After years of reviewing the data, I came to a startling yet impossible to ignore conclusion, based on direct observation and years of empirical understanding… the one uniting element observable in every case was me. Therefore, I am the most common binding element to the universe, and all revolves around me. Every chemistry test, I was there. Every plant cataloged, I was there. Every undiscovered valley descended into and climbed, I was there.

Truely, I am there, everywhere. Infact, I can disprove most third party scientific data is wrong, as the data doesn’t show evidence of my presence, but when I replicate it, I find this glaring omission of me present.

So much for Schroeder’s Cat.

That’s fucking science.

The Universe has meaning because of our consciousness.
The observer gives reality its… “realityness”… :sunglasses:

My theory is that in our universe bodies move in a spiral-cyclical way.

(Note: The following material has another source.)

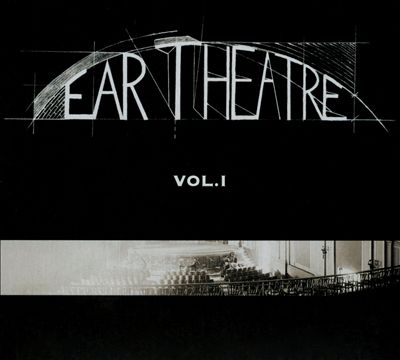 Ear Theatre, Vol. 1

The orbits of both moons around their planets and the planets around their stars, and even the stars around their galactic center clearly do not describe circles or ellipses, but spirals. For example, while our Sun spirally orbits the center of our galaxy, the Earth spirally orbits the sun, and our Moon spirally orbits the Earth. For bodies that move around bodies, which also move around bodies, do not move two-, but three-dimensionally. They move spirally and thus also cyclically, more precisely said: in a spiral-cyclical way. If something moves around a body or a point which does not move around another body or point and is not moved in a different way by external forces, then (and only then) can this (and only this) motion be two-dimensional.

Like this?
rhysy.net/solar-system-vortex.html

That’s a great theory, because it’s right. I think most everyone agrees with it, too. At any rate, just as it’s fine to talk about a car speeding in a straight line on some highway on the surface of the earth, it is still possible to talk sensibly about a heliocentric solar system and elliptical orbits when the frame of reference is the solar system. Context is key.

Yes.


Thank you for that link - well done, Fuse.

My whole (natural and cultural) theory is based on spiral-cyclic motions - almost all developments, thus also evolution and history.

The Universe is ever expanding from all points simultaneously. In this way, all points in the Universe are at the centre.

Perhaps you are confusing this thought with the out-of-date hello/geo-centric argument which is long solved?